Dobson, who has studied the G8, recalled a historic moment in 2002 when U.S. President George W. Bush and British Prime Minister Tony Blair bumped into each other at a hotel gym at 6 a.m. during the G8 summit in Kananaskis, Alta.
Running side-by-side on treadmills, they launched into a discussion of foreign policy.
"They hammered out a lot of the agreement on what would happen with Iraq," Dobson said.
Such meetings on the treadmill are not unusual.
Foreign Affairs Minister Bill Graham had his own treadmill conversation about Iraq at the NATO summit in Prague in 2002.
"I was out working out in the gym in the morning and Jack Straw [ Britain's foreign secretary] came in," Graham recalled. "He's on the treadmill beside me, and we get talking about Iraq and what the Americans going to do in Iraq."
Graham said he's had important conversations while lunching with Commonwealth leaders while walking into dinners with heads of states, or even while taking post-meeting strolls, as he did in 2002 with French Foreign Minister Dominique de Villepin, during a summit in Whistler.
Graham even raised the case of Maher Arar, a Canadian imprisoned in Syria, while chatting casually in 2002 with U.S. Secretary of State Colin Powell in the back of a room at the Prague NATO summit.
Dinners are particularly important, Graham said, becausee you get the attention of whomever you sit next to for the duration of the meal.
"If you're sitting beside the president of the United States, you're going to have an hour and a half with him," he said. "It's a big opportunity to get your word in."
While some may argue that summits are too costly to stage, with billions spent to bring leaders together, Graham said the face-to-face meetings and all the informal chances for conversation are invaluable.
Leaders get to know each other and feel they can call one another whenever an issue arises. The same goes for ministers and even staff members. This kind of interaction can't be achieved through a teleconference or over the internet, Graham said.
"If you want to have a general conversation about where the world is going, how we accommodate one another over very difficult differences, it takes time, it takes confidence building, it takes being relaxed," Graham said.
"This is not going to be achieved over Skype [software that allows phone calls to be made over the internet]."

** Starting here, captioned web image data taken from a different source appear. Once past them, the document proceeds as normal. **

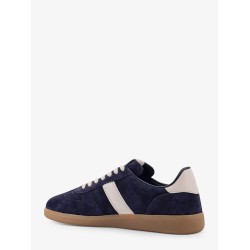 Low-top suede sneakers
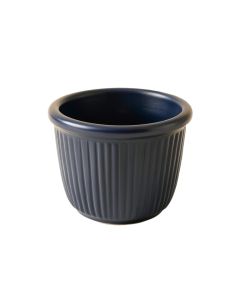 Elm Bluff Empty Planter - Navy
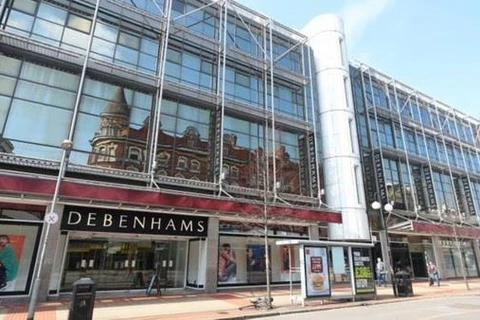 Chuỗi cửa hàng bách hóa bán lẻ lớn nhất nước Anh Debenhams. (Nguồn: PA)
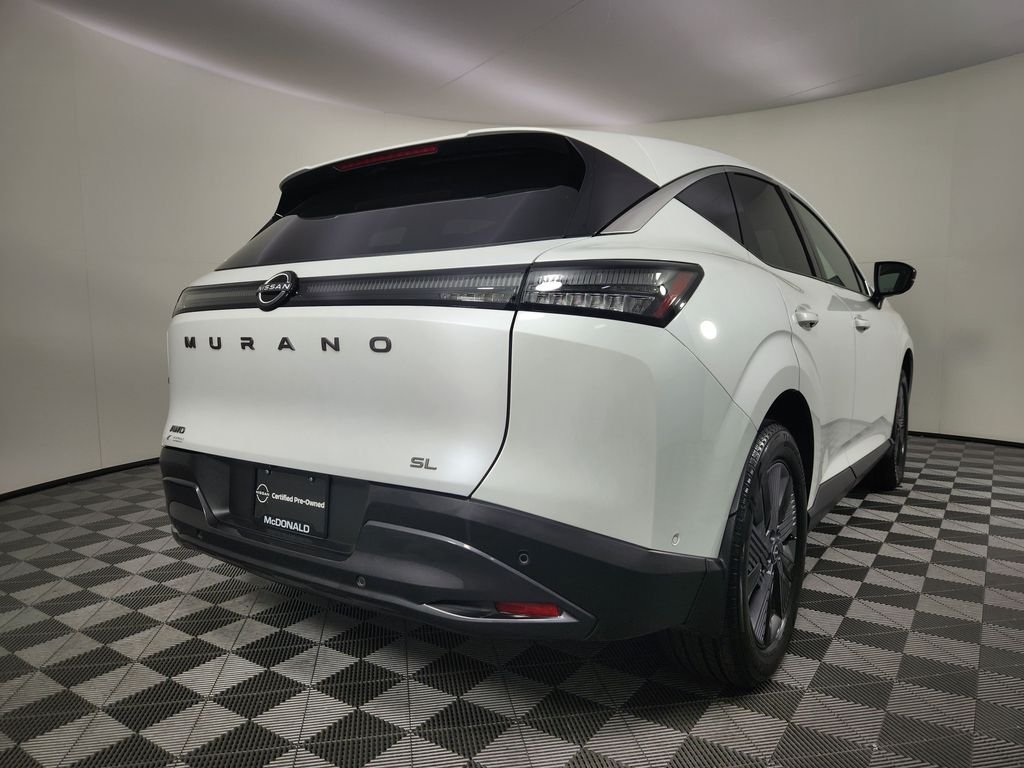 Certified Used 2025 White Nissan SL image 5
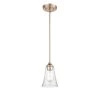 Natalie 1-Light 5 in. Modern Gold Hardwired Pendant (1-Pack) by Millennium Lighting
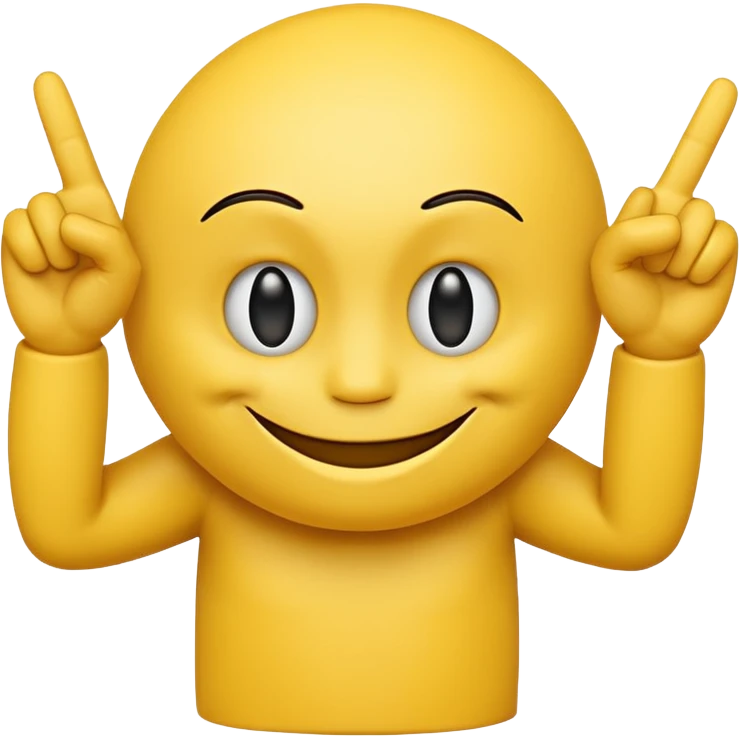 Smiley face with a attitude face and flipping his middle fingers of both hands and both feets emoji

Leaders' summits, and the G8 in particular, are designed to foster these kinds of personal discussions, Dobson said. They aren't formal meetings, unlike a gathering of the United Nations or World Bank.
"They were always intended to be informal — a fireside chat with like-minded leaders getting together, not having a formal agenda, not having official minutes that they publish," he said.

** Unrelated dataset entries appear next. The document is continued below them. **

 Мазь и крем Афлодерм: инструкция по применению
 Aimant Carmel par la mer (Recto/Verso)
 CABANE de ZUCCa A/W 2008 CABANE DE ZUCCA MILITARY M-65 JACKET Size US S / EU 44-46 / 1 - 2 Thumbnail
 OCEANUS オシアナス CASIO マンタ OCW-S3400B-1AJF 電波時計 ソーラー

"They are able essentially to get together and hammer out a consensus as the self-appointed leading governments of the day."
He said the setting can be so informal that one Japanese finance minister was able to carry on a discussion of economic policy with his U.S. counterpart in the bathroom. Dobson wouldn't divulge which Japanese minister told him the story.
"These summits are flexible and informal," Dobson said. "Things like the food, the dinners — all these peripheral activities — they have an important role to play. And that’s at the very heart at the nature of this kind of organization, or non-organization as it may be."